Era flaco, desgarbado, pobre, desdentado, rosarino y excesivamente inquieto, pero hacía canciones más que decentes. Hace ahora veinte años, Fito Páez no tenía aún veinte años, pero había en él algo que llamaba la atención, un oficio de compositor y letrista por momentos deslumbrante. A partir del momento en el que ingresó al circuito musical porteño, que con rapidez reconocería su talento, debió afrontar un proceso siempre complejo: crecer en público. El crecimiento fue veloz: aquel pibito de la banda de Juan Carlos Baglietto de 1982 llenaba tres años después el Luna Park, en la presentación de su segundo disco, Giros, sin estrategia alguna de marketing, a fuerza del único capital que tenía, sus temas. Charly García lo llamó para formar parte de su banda en la accidentada era de la grabación de Piano Bar. Luis Alberto Spinetta le propuso un año después hacer un disco juntos, y ese disco fue La, la, la. Charly y Luis eran, y son, sus ídolos.
El público lo sabe: un loco asesinó a lo que quedaba de su familia, Páez grabó Ciudad de pobres corazones como un exabrupto y a partir de ahí su figura fue central para la música argentina de los ‘80. El rock ya le quedaba chico, pero no la cultura del rock, de la que formaba y forma parte. Páez fue una esponja, de ahí en más, y un niño mimado de la prensa y el resto de los músicos, salvo aquellos que lo envidiaban. Que, en rigor, envidiaban su talento. Al cambiar la década, en medio de la hiperinflación y de la huida del gobierno de Raúl Alfonsín, el sello para el que siempre había grabado le devolvió el contrato.

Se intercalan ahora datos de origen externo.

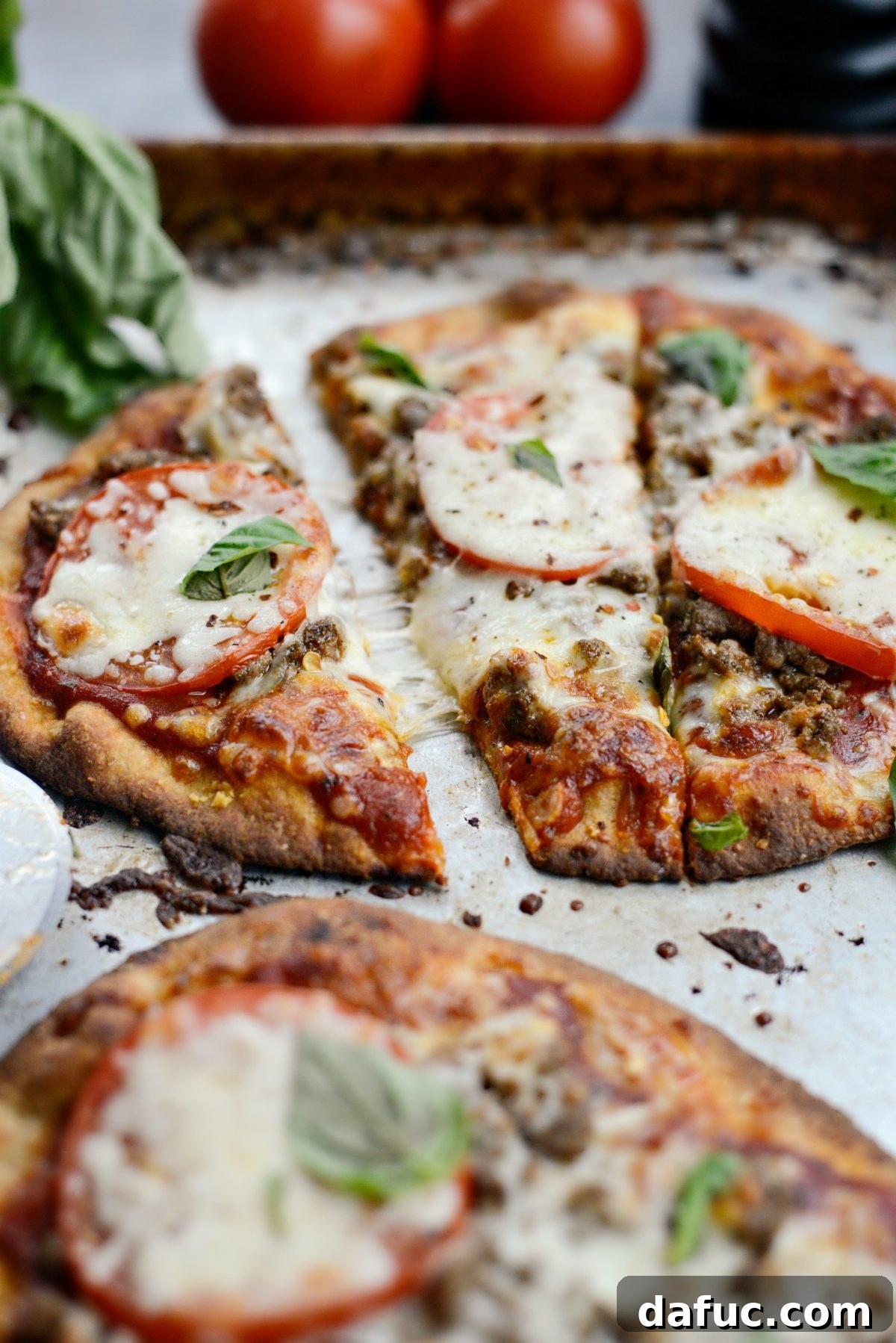 Levantine Lamb Margherita Pizza 16 A slice of Lebanese Margherita Lamb Pizza being pulled from the whole, showcasing the layers of toppings and the crispy crust.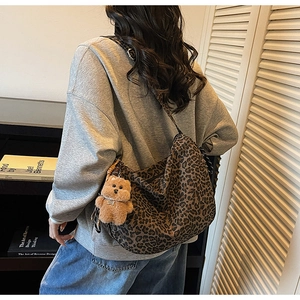 Leopard print crossbody bag styled with a brown teddy bear charm on casual grey sweater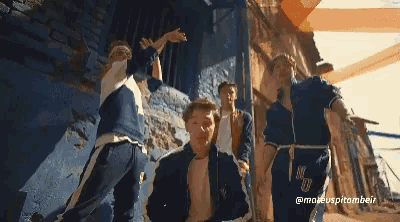 a group of young men are dancing in front of a blue wall and a sign that says @maeuspitombeir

Le dijo que su prestigio no estaba en discusión, pero que los sellos necesitan artistas que vendan muchos discos.
Dos años después, Páez se convertía en el artista local más vendedor de discos de la historia del negocio en la Argentina, por el impacto de El amor después del amor, que atribuyó al flash de los inicios de su relación con Cecilia Roth, una actriz con quien había fantaseado cierta vez, mirando una hoy vieja película de Pedro Almodóvar. El resto ya se sabe: se hizo muy famoso, ganó mucha plata, adquirió modos de nuevo rico, gritó de más, encontró enemigos sorprendentes, sobre todo entre los críticos, que jamás perdonan el éxito ajeno. Hoy, de vuelta de todo eso, ya no más pobre, pero tampoco más rico, padre de un niño soñado, Páez tiene la mochila de su vida cargada de canciones, que es lo que siempre ocurrió desde aquel año de Malvinas, y sigue intentando domarlas al cantarlas. Sólo una gigantesca conspiración de sordos puede negarle un lugar destacado en el reducido lote de músicos argentinos que siempre tienen algo interesante que tocar.